Now problem #2 - I also have the Holden on a needle. Worked that up to row 19 and have no idea what's wrong. I checked out the rows before and they seem fine. Problem being that there are not enough sts. as written to mmatch those already on needle.
Can someone PLEASE look at the pattern (on Ravelry) and tell me if it looks OK or if there is a problem?? I have written to Mindy who wrote it and have not received an answer
Now for my last problem - why can't this head understand how to put a bear together? I have only gotten as far as the head and just knitted up a new one because I killed the last on. To top it off I have 3 more already knitted up.

As I said, I'm about to loose it!!!!
HELP!
Judy


----------



## DanaKay

stockstr said:


> Hi!
> I REALLY need help. I'm just about to loose it!

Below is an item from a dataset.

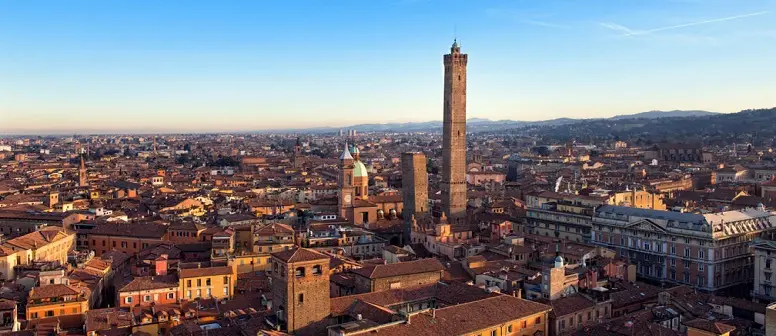 Bologna, completata la realizzazione della rete in fibra ottica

With the Ashton on the needle I made it through chart 1. All is OK with 59 st. However (me who never did a chart before) I'm stuck. I do purl back, yes??? Then beginning Chart 2 it calls for 59 sts. Don't I also need a "center" stitch?? Where do I fit that into the pattern??
> 
> Now problem #2 - I also have the Holden on a needle. Worked that up to row 19 and have no idea what's wrong. I checked out the rows before and they seem fine. Problem being that there are not enough sts. as written to mmatch those already on needle.
> Can someone PLEASE look at the pattern (on Ravelry) and tell me if it looks OK or if there is a problem?? I have written to Mindy who wrote it and have not received an answer
> Now for my last problem - why can't this head understand how to put a bear together? I have only gotten as far as the head and just knitted up a new one because I killed the last on. To top it off I have 3 more already knitted up.
> 
> As I said, I'm about to loose it!!!!
> HELP!
> Judy


Judy, with the 59 stitches you have your center stitch as the total at the end of the chart includes the border and center stitches. It is the total number of stitches when the chart is completed.
Yes, after every pattern row you purl back. Those purl rows are you even # rows. Except for the very last row of the last chart for the shawl. There you cast off (bind off) instead of purling.

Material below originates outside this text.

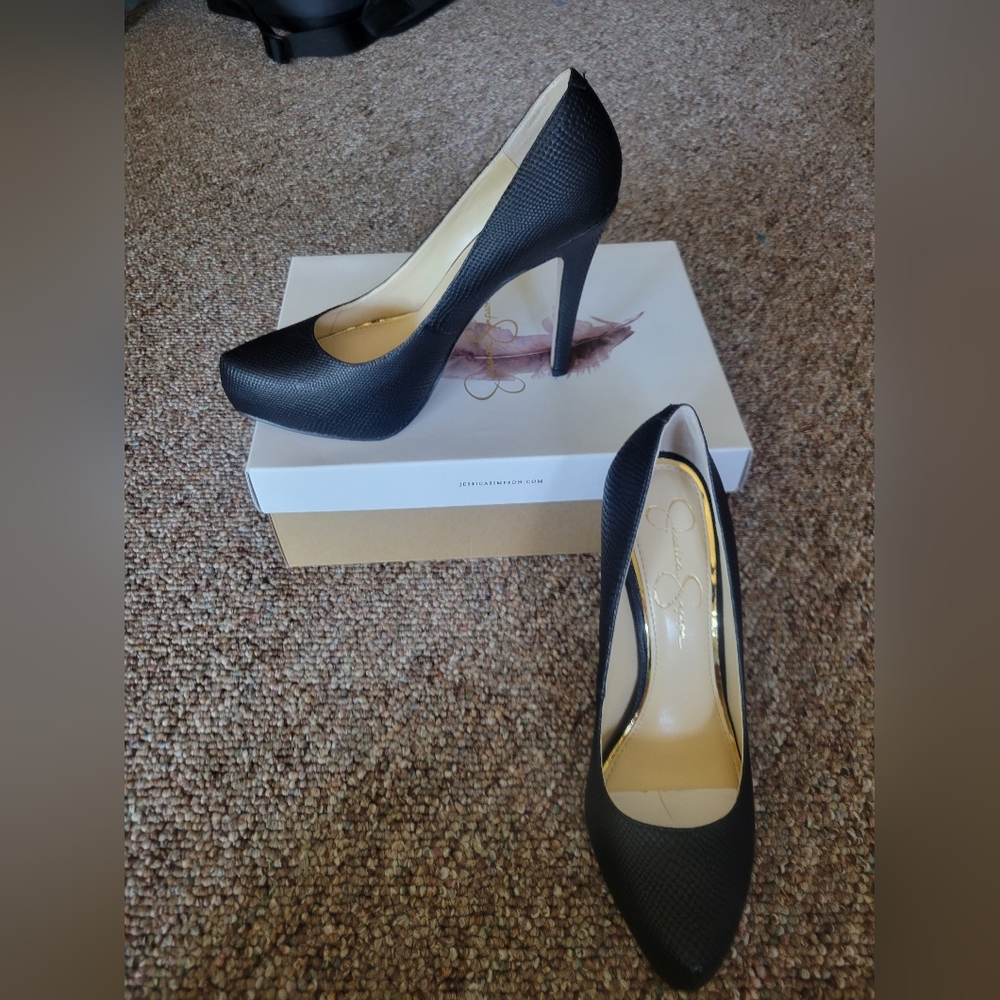 Sassy snakeskin Black Platform Heels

Chart 2: do the first row white, blue, white. center stitch and do the row again. for the second half of your shawl.

Once you go through chart 2 one time, the next time through you will do white, blue, blue as many times as needed until you have just enough stitches to do the second set of white stitches, center stitch, and repeat for the second half of the shawl.
Each time you repeat chart 2 you will be adding repeats of the blue stitches.
Hope this helps and don't confuse you more.

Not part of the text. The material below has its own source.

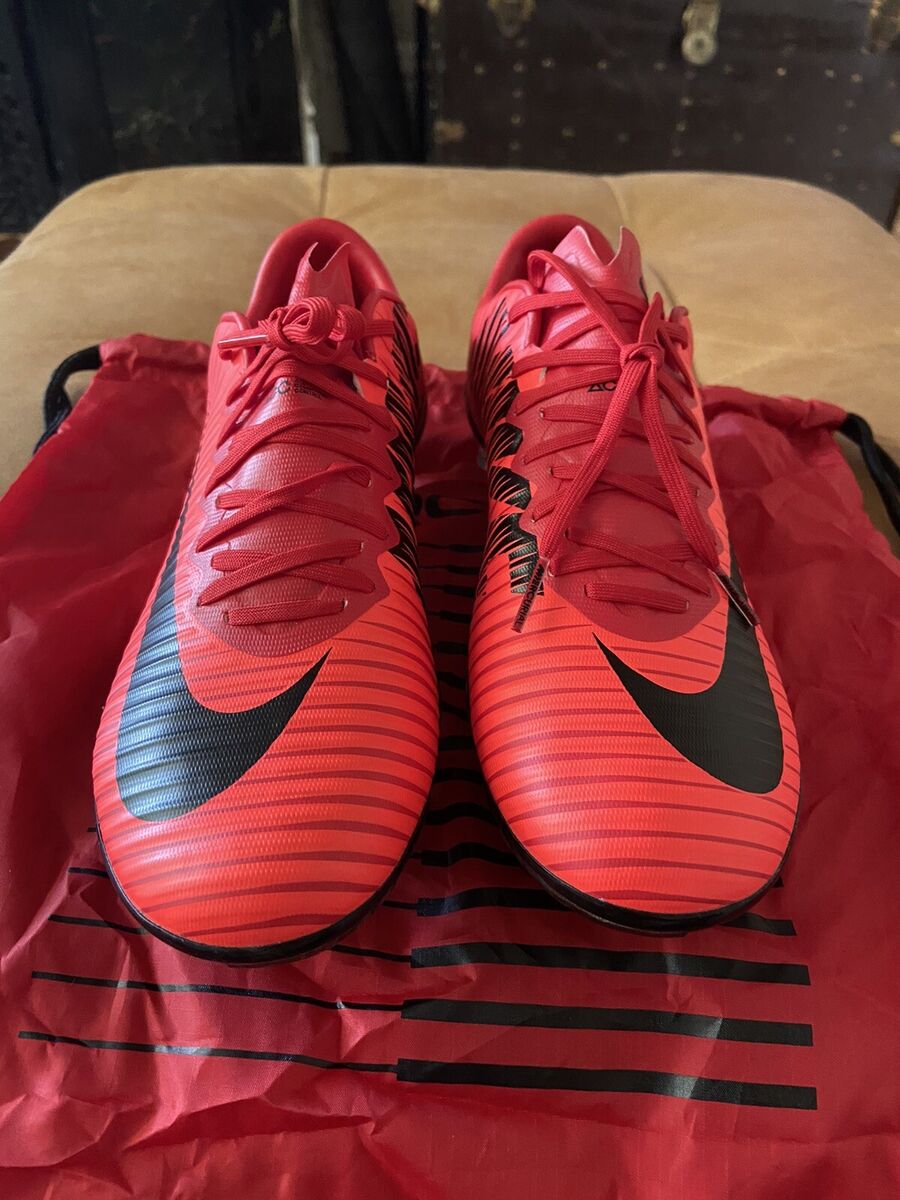 Nike Mercurial Vapor 11 SG Size 6 (Women's 7.5) Fire Red Nike Mercurial Vapor 11 SG Size 6 (Women's 7.5) Fire Red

Also if I may, It is my personal opinion that you will have far less stress if you concentrate on one project at a time until you feel comfortable with it.

I will tell you that I believe if you knit Ashton, you will have gone through the learning curve for lace knitting and will be able then to see what your problem is with Holden.

As far as the bears go. Sorry l with me you are on your own. I know nothing of bears unless it would be made from a lace pattern! :lol:


----------



## EqLady

You purl back EXCEPT for the border stitches, which are always knit. Will elaborate more on your questions later, big thunderstorm going on!


----------



## stockstr

First I have to thank everyone who took the interest to help me with the Aston Shawl. I'm sorry I drove some of you truly "nuts." However, I took a nap this evening and all of a sudden jumped up as if the light in my head finally went on. I must have had a "senior moment" the kind that last a few days. LOL I realized my stupidity. As of this message, not only did I do what I had to do to figure it out, but I have just completed the 2nd time of Chart 2.
Now if I could only figure out the 19th row of the Holden and putting together my bears.
Am I asking too much of myself. Gotta go back and take a few more naps!
Thanks again!
Judy


----------



## CathyAnn

stockstr said:


> First I have to thank everyone who took the interest to help me with the Aston Shawl. I'm sorry I drove some of you truly "nuts." However, I took a nap this evening and all of a sudden jumped up as if the light in my head finally went on. I must have had a "senior moment" the kind that last a few days. LOL I realized my stupidity. As of this message, not only did I do what I had to do to figure it out, but I have just completed the 2nd time of Chart 2.
> Now if I could only figure out the 19th row of the Holden and putting together my bears.
> Am I asking too much of myself. Gotta go back and take a few more naps!
> Thanks again!
> Judy


I agree 100% with DanaKay. IMHO, one project at a time is the way to go -- especially when doing something so stressful such as learning lace knitting!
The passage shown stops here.